4. Katılanın dosyaya sunmuş olduğu dava konusu olayın gerçekleştiği iş yerine ait kamera görüntüleri katılan beyanlarını destekler mahiyettedir.

5. Sanık aşamalarda suçlamayı kabul etmeme birlikte suç tarihinde katılanın iş yerine temyiz dışı sanıklarla birlikte gittiğini ifade etmiştir.

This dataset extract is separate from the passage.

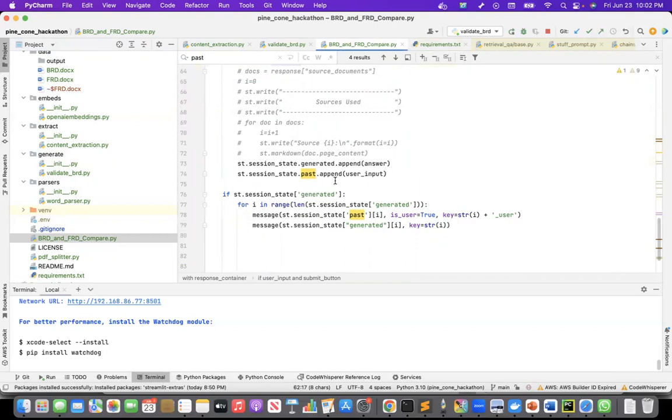And it's kind of, right now, it is doing, as I mentioned, business requirement to functional requirement document comparison. But this can be extended to any use cases where we need to compare two documents.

6. Mahkemece, Hukukî Süreç başlığı altında (3) numaralı paragrafta bilgilerine yer verilen Yargıtay bozma ilâmına uyulmasına karar verildiği belirlenmiştir.

IV. GEREKÇE
1. Beraat Kararı Verilmesi Gerektiğine Yönelik;
Her ne kadar sanık üzerine atılı suçlamayı kabul etmediğini beyan etmiş ise de; dosyada mevcut delil niteliğindeki aşamalardaki birbiri ile tutarlı ve değişmez nitelikteki katılanların beyanları bu beyanları doğrulayan tanıkların anlatımları ve kamera görüntüleri dikkate alındığında sanığın nitelikli yağmaya teşebbüs suçunu işlediği sabit olduğundan hükümde bu yönüyle hukuka aykırılık bulunmamıştır.

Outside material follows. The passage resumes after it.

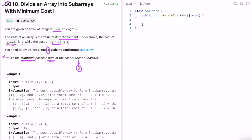Since we need the minimum possible sum, it strikes your mind that you have to pick the minimum values. How many minimum values do we need? We need 3 minimum values, so the task is to find the 3 minimum values inside the array.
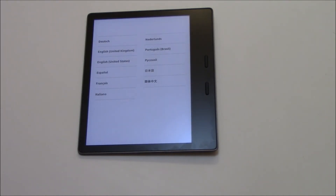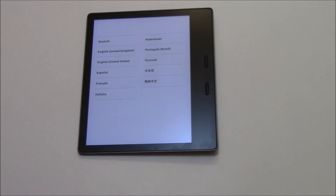And there you go, the Kindle has been restored to factory settings. I hope you found this video useful — if you have, please show your support for this channel by subscribing, feel free to leave comments, please like this video, and thank you for tuning in.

2. Lehe Hükümlerin Uygulanması Gerektiğine Yönelik;
Sanık hakkında kurulan hükümde, 5237 sayılı Kanun’un 62 nci maddesinin birinci fıkrası uyarınca takdiri indirim sebebi uygulandığı, sanık hakkında hükmedilen netice ceza miktarının 2 yıl 6 ay hapis cezası olduğu, diğer lehe hükümlerin (5237 sayılı Kanun’un 50 nci maddesi uyarınca seçenek yaptırımlara çevirme, aynı Kanun’un 51 inci maddesi uyarınca, sanığın suç tarihindeki yaşı da gözetilerek erteleme ve 5271 sayılı Kanun’un 231 inci maddesinin beşinci fıkrası uyarınca hükmün açıklanmasının geri bırakılması) uygulanmasında, sonuç ceza miktarı itibarıyla kanunî engel bulunduğu anlaşıldığından, hükümde hukuka aykırılık bulunmamıştır.

3. Vesaire Yönünden;
Yargılama sürecindeki islemlerin usûl ve kanuna uygun olarak yapıldığı, asamalarda ileri sürülen iddia ve savunmaların toplanan tüm delillerle birlikte gerekçeli kararda gösterilip tartışıldığı, eylemin sanık tarafından gerçekleştirildiğinin saptandığı, vicdanî kanının dosya içindeki belge ve bilgilerle uyumlu olarak kesin verilere dayandırıldığı, eyleme uyan suç vasfının ve yaptırımların doğru biçimde belirlendiği anlaşıldığından, sanık müdafiinin yerinde görülmeyen temyiz isteği reddedilmiştir.

V. KARAR
Gerekçe bölümünde açıklanan nedenlerle … 2. Ağır Ceza Mahkemesi, 29.04.2021 tarihli ve 2021/114 Esas, 2021/213 Karar sayılı kararında sanık müdafii tarafından öne sürülen temyiz sebepleri ve dikkate alınan sair hususlar yönünden herhangi bir hukuka aykırılık görülmediğinden sanık müdafiinin temyiz sebeplerinin reddiyle hükmün, Tebliğname’ye uygun olarak, oy birliğiyle ONANMASINA,

Dava dosyasının, Mahkemesine gönderilmek üzere Yargıtay Cumhuriyet Başsavcılığına tevdiine,
21.06.2023 tarihinde karar verildi.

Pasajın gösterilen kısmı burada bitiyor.